R, an open-source statistical and data mining programming language, is slowly but surely catching up in its race with commercial software like SAS & SPSS. I believe R will eventually replace SAS as the language of choice for modeling and analysis for most organizations. The primary reason for this is plainly commercial. Most organizations are questioning the heavy annual cost of SAS on their P&L statement. This is escalated with the presence of R as a free and viable replacement. R is highly advanced language with over 5000 add-on packages to assist in data management and analysis. Most senior analysts and analytics leaders have already started polishing their skills on R. In this article, I will introduce the books and online resource that will help you in self-learning R and its applications. Before introducing these resources, let me elucidate why you need many resources for self-learning.
Non-Linear Self-Learning
Humans are obsessed with linearity. Look at our houses, furniture, televisions, photo-frames or cabinets, they all follow linear designs. The reason is linearity is simple, however it is certainly not natural.
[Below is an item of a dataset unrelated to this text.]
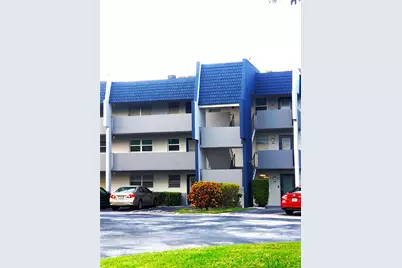 7897 Golf Circle Drive #303, Margate, FL 33063 - Photo 6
Outside our houses nature is flourishing with non-linearity – trees, mountains, rivers and the human body all follow non-linear patterns and dynamics (to explore more read about fractal geometry and chaos theory, or we will discuss it in some later articles on YOU CANalytics). Learning / teaching in schools and universities usually take the linear path, however self-learning in my opinion is highly non-linear. Unlike school-learning, self-learning is driven by purpose and need, hence one tends to hop between books, chapters, and the internet – I say this from experience. Let me present the resources that have helped me the most while learning R. I have divided these resources in the following 5 categories
- R for Reference : these books cover most essential aspects about R and also serve well as reference books
- R with Theory : these books are great if you want to understand fundamentals of statistics and machine learning while using R as the tool
- R with Applications : these books use case studies or applications based learning
- R Graphic and Programming : focus of these books is on R Graphics or programming
- Online Resource : short online courses and computer based learning tools (I have also included the most important online data repository over here)
1. R for Reference
R for Everyone: Advanced Analytics and Graphics – Jared P. Lander
YOU CANalytics Book Rating
(5 / 5)
Jared Lander, in his book, wastes no time on basic graphic (comes pre-installed with R), but jumps directly to ggplot2 package (a much advanced and sleek graphical package). This sets the tone for this book i.e. don’t learn things you won’t use in real life applications later. I will highly recommend this book for a fast paced and relevant learning of R.
The R Book – Michael J. Crawley
YOU CANalytics Book Rating
(4.8 / 5)
With close to a thousand pages and vast coverage, ‘The R Book’ could be called the Bible for R. This book starts with simple concepts in R and gradually move to highly advanced topics. The breadth of the book can be estimated through the presence of dedicated chapters on topics as diverse as data-frames, graphics, Bayesian statistics, and survival analysis. Essentially this is a must have reference book for any wannabe R programmer. But for a beginner the thickness of the book could be intimidating.
2. R with Theory
An Introduction to Statistical Learning: with Applications in R – Gareth James et al.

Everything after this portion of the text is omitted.